Nosh Bio founder Tim Fronzek: Molds against climate change

by time news

2023-11-27 09:34:28

On-site visit to the Berlin Adlershof Technology Park, the largest of its kind in Germany. One promising start-up resides here next to the next. If you want to find Tim Fronzek’s company Nosh Bio, you have to do a little searching. There are no large signs pointing to the revolution the company is planning. A few plain corridors, an office, a small laboratory with junk room charm. That’s it. But the enthusiasm shines through in the founder’s eyes.

Climate change is one of his biggest concerns. And that doesn’t just seem like it’s said. Fronzek is credibly concerned with the question of how climate-damaging emissions can be most effectively reduced. After extensive research, his answer is: with changes to your diet. Above all, less meat makes a lot of difference. And Tim Fronzek believes he has a wonderful key in his hand. He wants to save the world with a mold. The reserved 43-year-old wouldn’t put it so grandly. He’s not a windy salesman. But there is a grain of truth behind it.
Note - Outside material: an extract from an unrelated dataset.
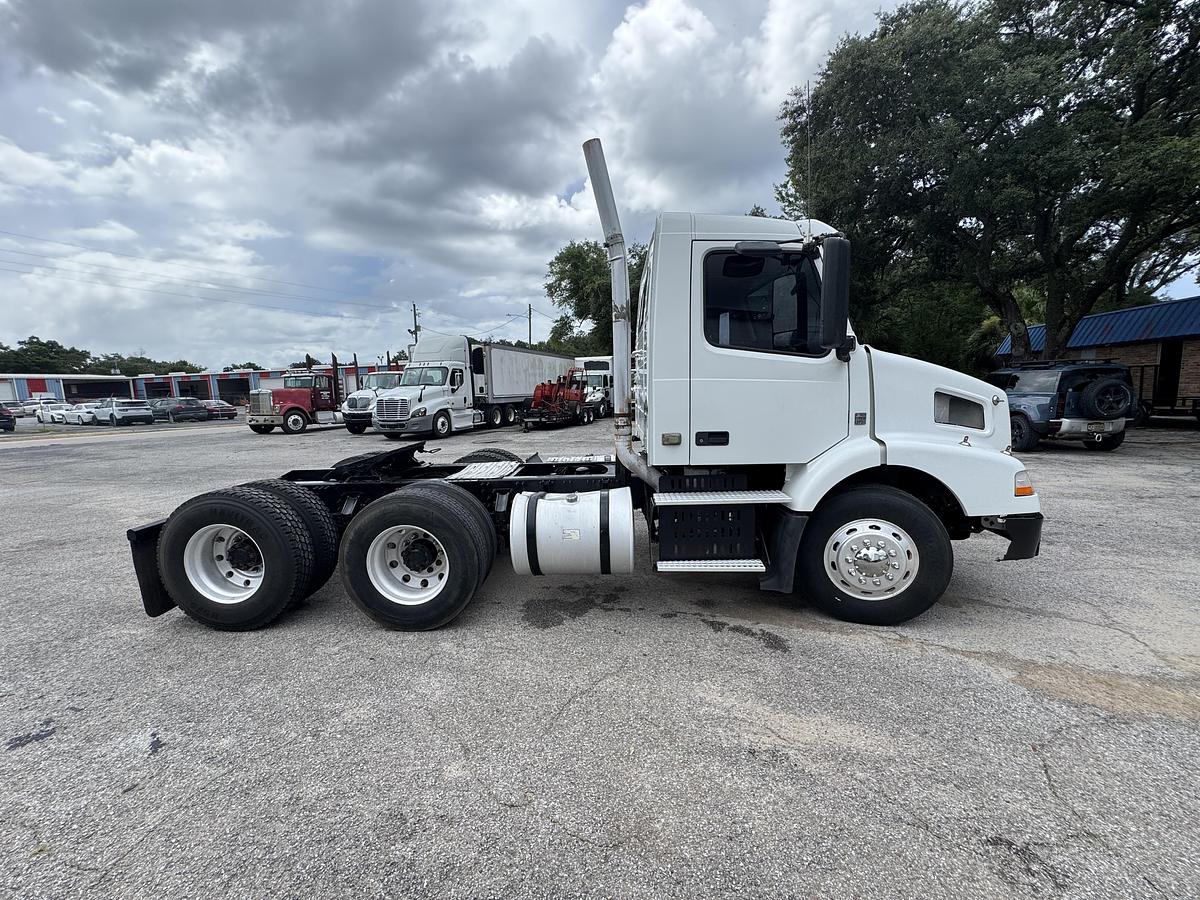 Used 2010 VOLVO VNM64T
Hardly distinguishable from real meat

After a few months of basic work, Nosh is about to achieve its first successes. At the Anuga, the largest food trade fair in the world, in Cologne at the beginning of October, a large number of people were able to taste what Nosh Bio soon wants to delight many with: meatless meat that can hardly be distinguished from real meat. More than 96 percent of around 2,000 testers found that the product could be recommended to others. There is a larger-than-life billboard in the Berlin Nosh office. A photo shows a plate on which five juicy pieces of supposed meat are deliciously draped. Next to the board, Fronzek quickly gets going with his arguments. He calculates that the food industry causes almost 30 percent of all global greenhouse gas emissions. The main driver here is industrial factory farming.
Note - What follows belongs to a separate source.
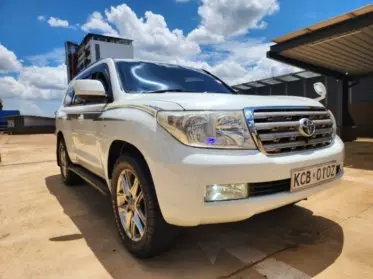 Toyota Land Cruiser V8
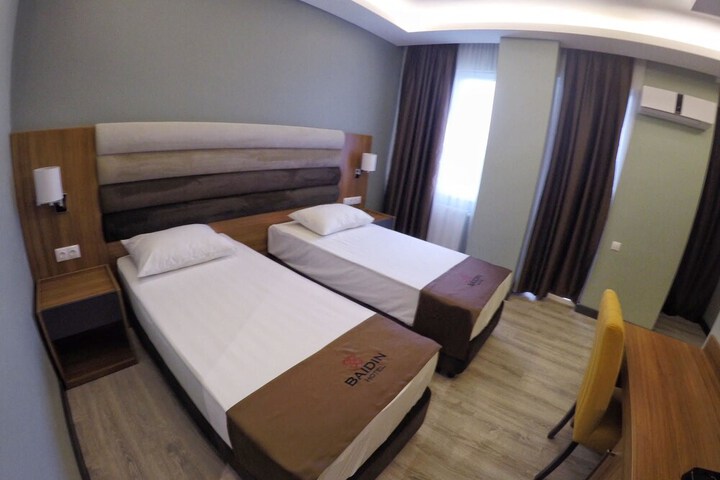 Room 10 of 48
There is no question: such findings are not new. They are attracting more and more manufacturers and more and more customers to the scene. Vegan alternatives to meat are booming. But their quality is nowhere near what it should be, Fronzek believes: “Everything I notice in terms of sensory properties, such as the mouthfeel, is far from animal products and not really appealing.” Added to this are the many additives that are necessary are used to make non-meat appear like meat: artificial starches or the wallpaper paste binder methylcellulose. In one of their first presentations, the Nosh Bio people compared the ingredients of a plant-based burger with those of a Nivea body lotion. “It was difficult to tell which label was for personal care and which was for food,” says Fronzek.

A mushroom for sake and miso – and much more

Nosh Bio wants to solve the problem with a filamentous fungus. The koji mushroom, with the Latin name Aspergillus oryzae, has long been used for fermentation in Japanese cuisine, including for the production of sake and miso paste. Nosh allows the mushroom to grow in a liquid nutrient medium. This results in a structure that is very similar to animal muscle tissue, as Fronzek explains. Well suited to replacing chemical binders. In addition, koji is one of the best-researched filamentous fungi: it can be marketed immediately without approval and is cheap to produce.

“I always say: The art of starting a company is to use the few successes that you generate to positively offset the many failures.” Sentences like this show: Tim Fronzek is certainly an idealist, but more than that Realist. This may also have contributed to his first major entrepreneurial success. Shortly after the turn of the millennium, out of college, he and friends started an online used goods store that focused on games and software. Over the years, this has developed into one of the largest European buying and selling platforms for electronics, books and media. Rebuy has just broken the sales mark of 200 million euros with more than 600 employees.